== Task item ==
Would you please return the lines of the entries below starting at the line that has "Camouflage Polka Dot: Abstrakt" and ending at the line that has "CS CELERSPORT 3", both included, exactly as they are?

------ The data ------

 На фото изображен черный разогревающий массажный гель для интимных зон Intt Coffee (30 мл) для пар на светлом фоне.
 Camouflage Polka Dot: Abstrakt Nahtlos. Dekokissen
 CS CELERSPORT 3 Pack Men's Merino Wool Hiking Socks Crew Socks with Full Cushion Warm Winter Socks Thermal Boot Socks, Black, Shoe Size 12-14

------
------ The data ------

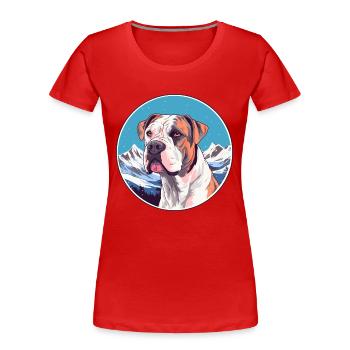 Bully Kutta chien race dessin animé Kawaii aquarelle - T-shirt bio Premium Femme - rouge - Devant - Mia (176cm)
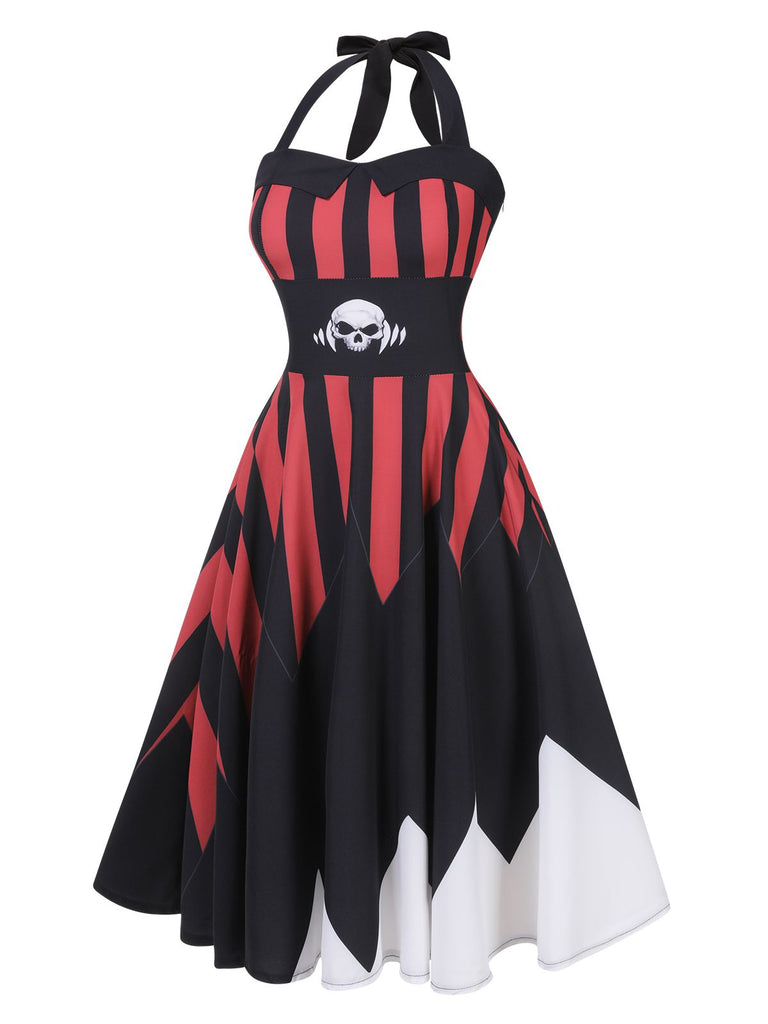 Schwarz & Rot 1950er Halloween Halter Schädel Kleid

------

== Output ==
 Camouflage Polka Dot: Abstrakt Nahtlos. Dekokissen
 CS CELERSPORT 3 Pack Men's Merino Wool Hiking Socks Crew Socks with Full Cushion Warm Winter Socks Thermal Boot Socks, Black, Shoe Size 12-14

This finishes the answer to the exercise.